Mme Barumpozako explique la lenteur de la médiation par la complexité du dossier. Les deux parties ne s’entendaient pas sur le montant dû. Les fournisseurs réclamaient 5.061.807.500 de BIF alors que le gouvernement acceptait un montant de 1, 2 milliards. L’Etat refusait de débourser cette somme invoquant la responsabilité des fournisseurs dans les irrégularités survenues dans l’exécution du marché.
Le gouvernement a d’ailleurs saisi le parquet général près la Cour anti-corruption. Pour trancher, l’Ombudsman s’est basé sur les conclusions de l’enquête du parquet général de la République. Le rapport de celui-ci a donné gain de cause aux fournisseurs des plants fruitiers.
La responsabilité partagée
Le constat de l’Ombudsman est que la responsabilité est partagée entre les deux parties. Comme solution, la médiation a décidé que la partie plaignante abandonne la moitié du montant réclamé. Cette proposition a été acceptée par la partie gouvernementale. Mais aujourd’hui, il manque une note validée par le deuxième vice-président de la République.

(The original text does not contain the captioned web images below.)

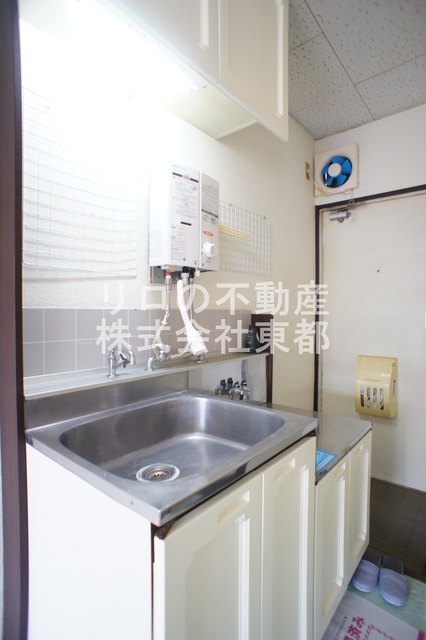 キッチン　キッチンは収納付！調理器具など必要な物を収納できます☆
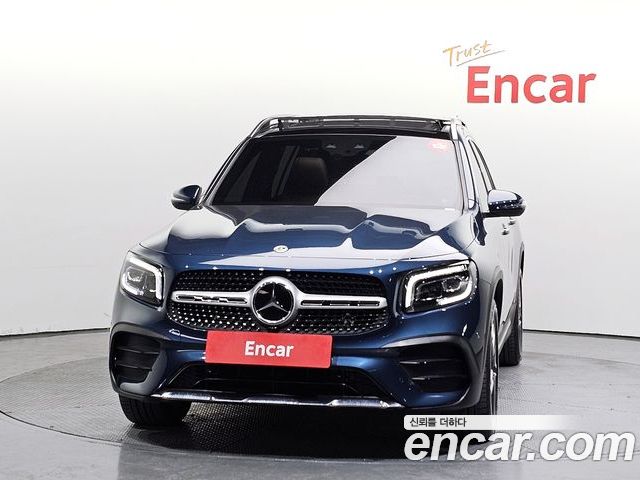Mercedes-Benz GLB 2023 — фото 3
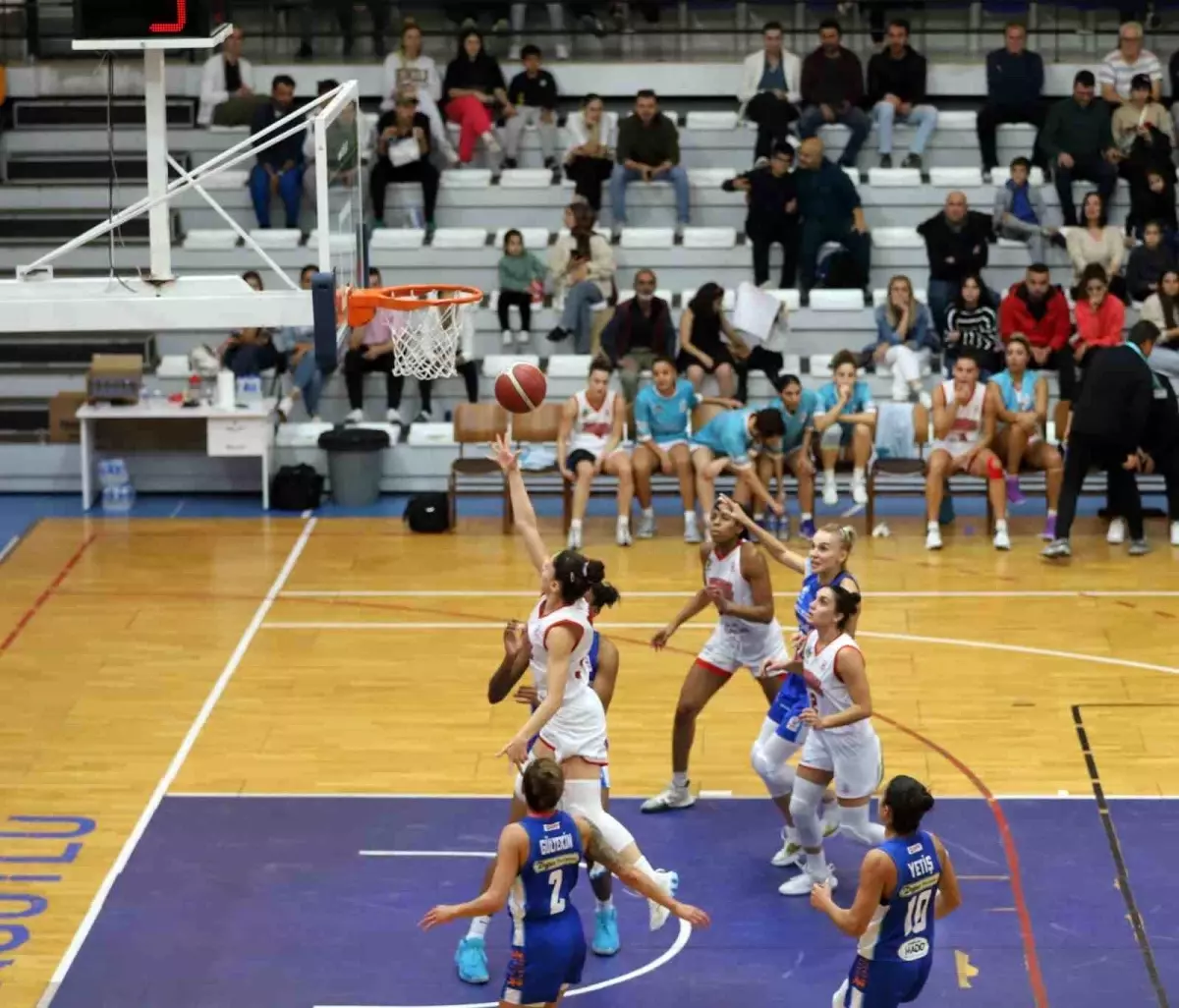 Lidya Garden City Turgutlu Belediyespor, Çanakkale’yi Geride Bıraktı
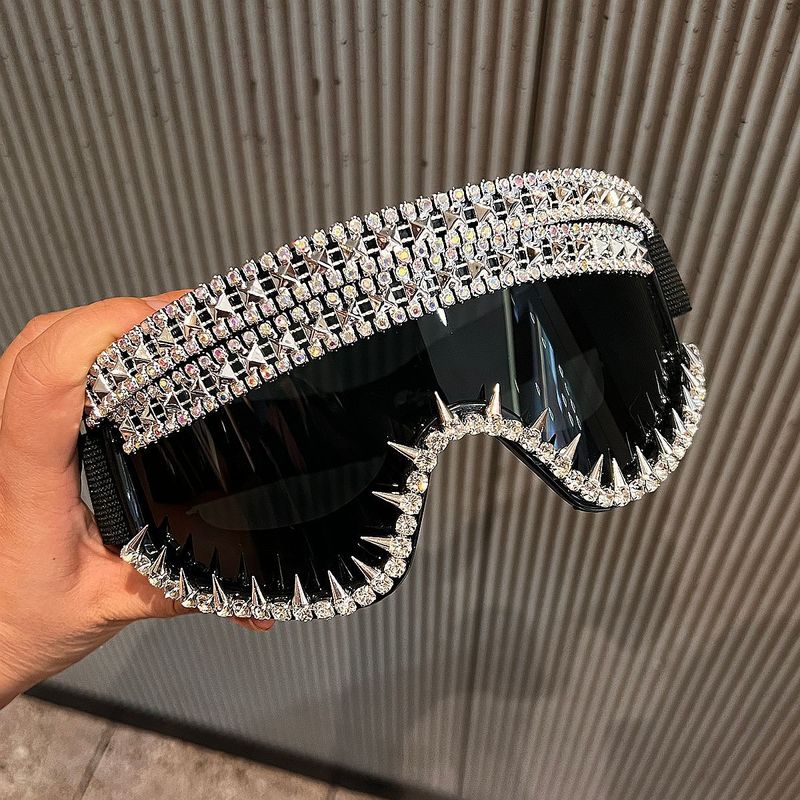 New Rivet Punk Trendy Sandproof Dustproof Cycling Glasses Large Frame Sponge Ski Goggles_voghion.com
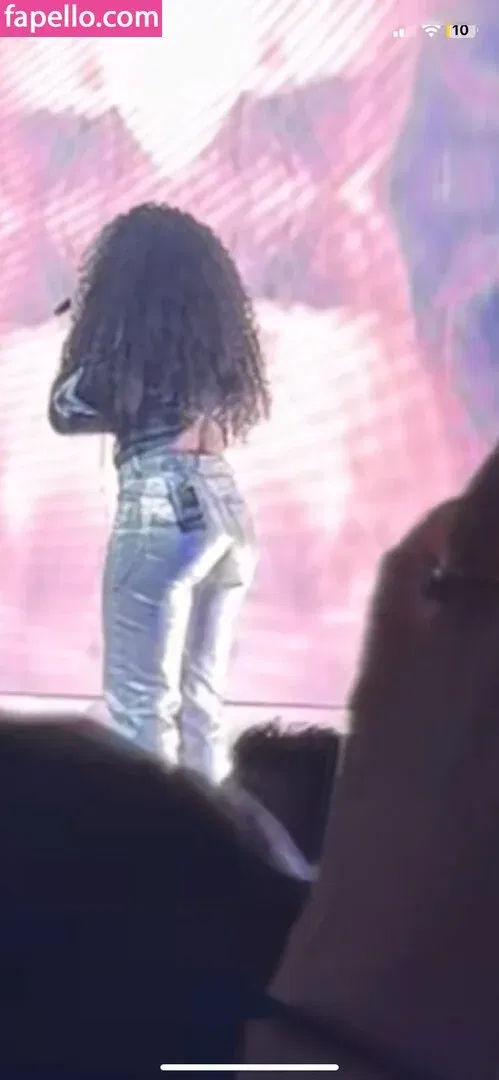 Kauta / kautamusic / kaygcarlson Onlyfans Photo Gallery 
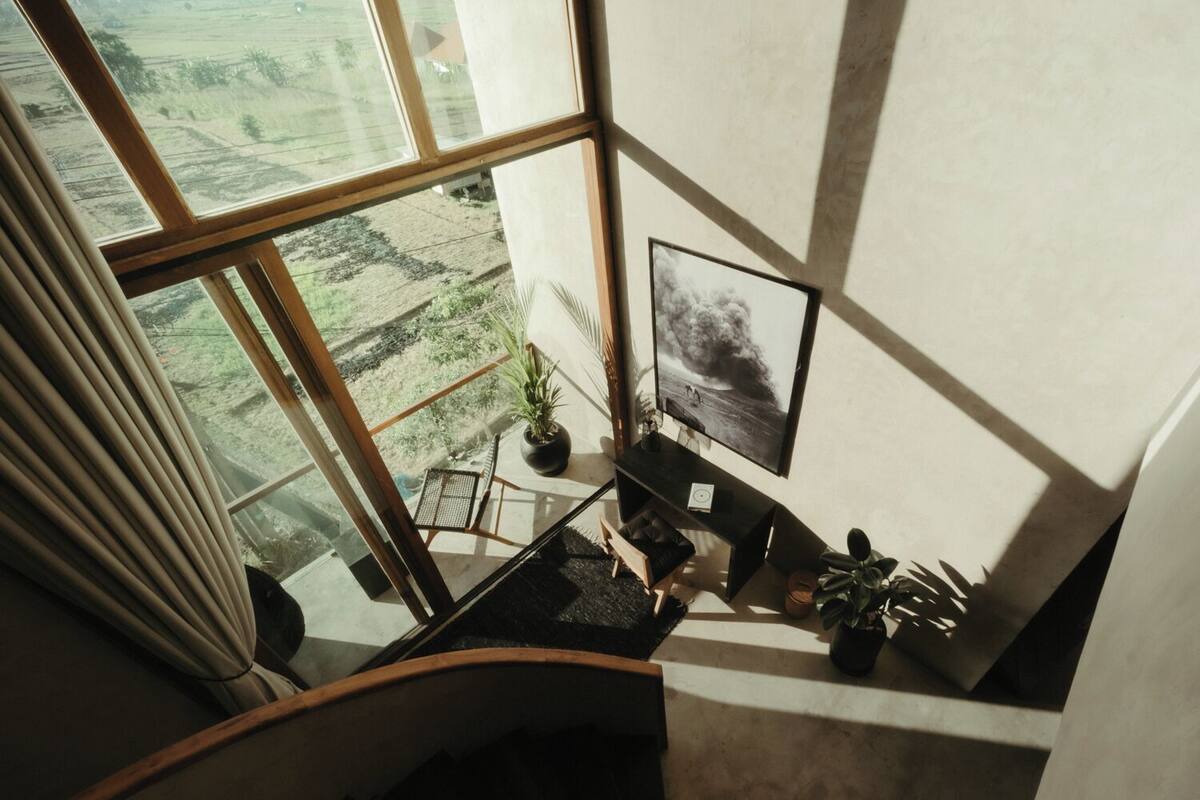 Estudi, 1 llit de matrimoni gran, vistes al pati | Escriptori, espai de treball apte per a portàtils i wifi gratuïta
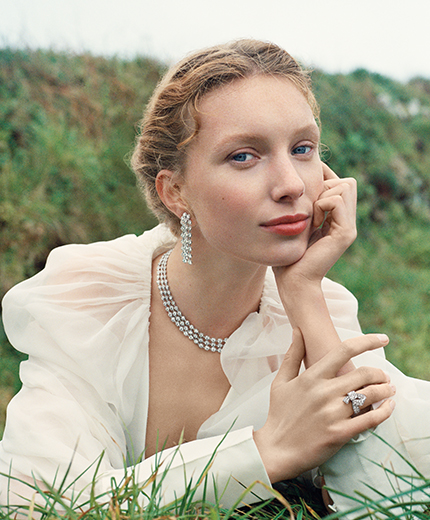 손에 피어난 고귀한 숨결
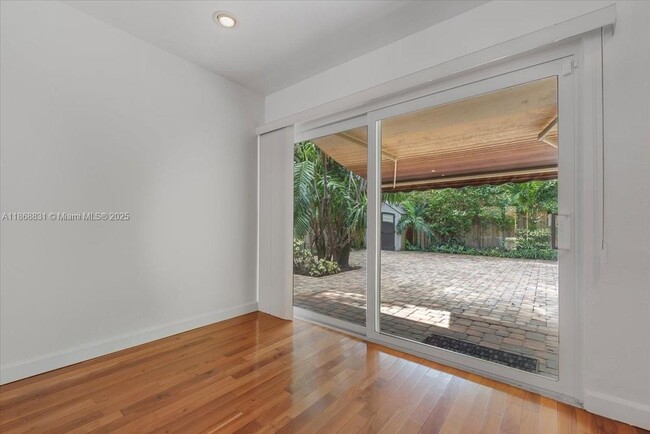 Building Photo - 613 NE 17th Terrace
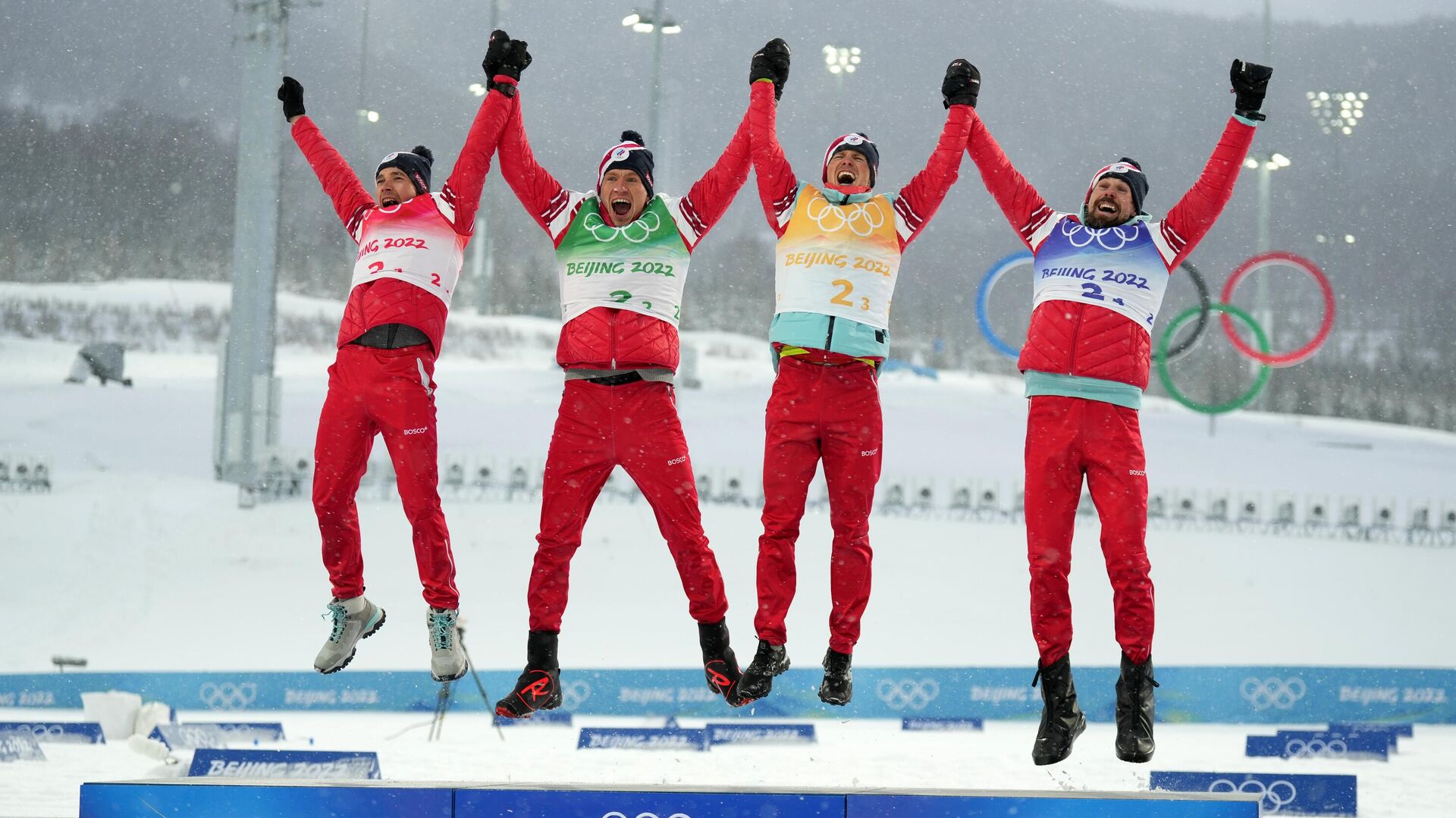 Олимпиада-2022. Лыжные гонки. Мужчины. Эстафета - Sputnik Таджикистан, 1920, 13.02.2022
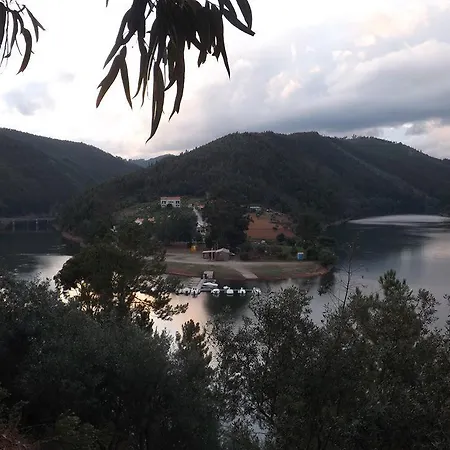Casa Do Rio * Figueiro Dos Vinhos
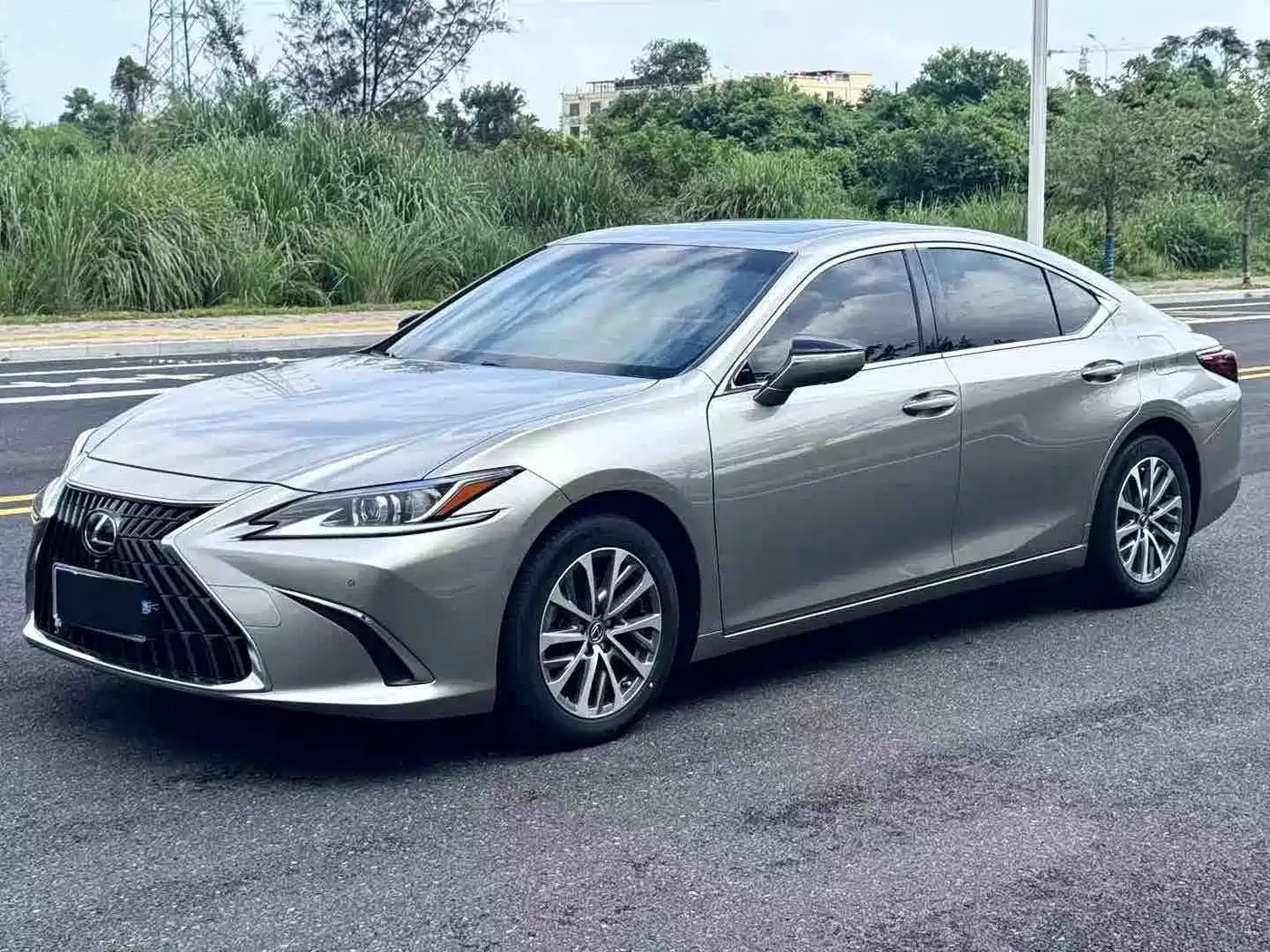 Lexus ES 2021 — пригон из Китая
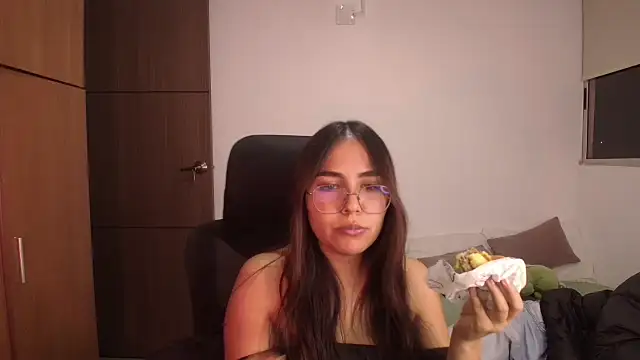 abbyyandmaxx online show from June 14, 3:19 am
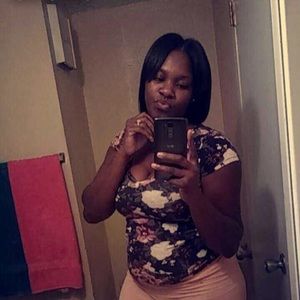 Meet your Posher, Lashawnda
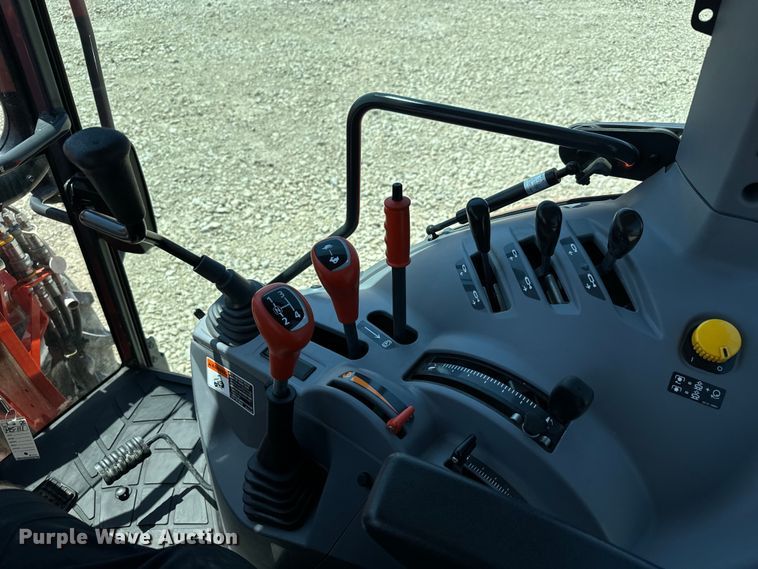 image for item DS7502 2020 Kubota  M5-111D MFWD tractor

Ce dernier autorise les ministres concernés par cette question à entamer les procédures de décaissement du montant dû. A cet effet, l’Ombudsman a adressé des correspondances aux ministres de Finances et de l’Environnement. Cependant, il n’y a pas eu de suite.
En plus du sit-in du jeudi 25 octobre, les fournisseurs concernés par cette affaire avaient organisé un autre sit-in devant le bureau de l’Ombudsman le 23 mars 2014. Suite à ce mouvement, le gouvernement a remboursé à peu près 800 millions BIF.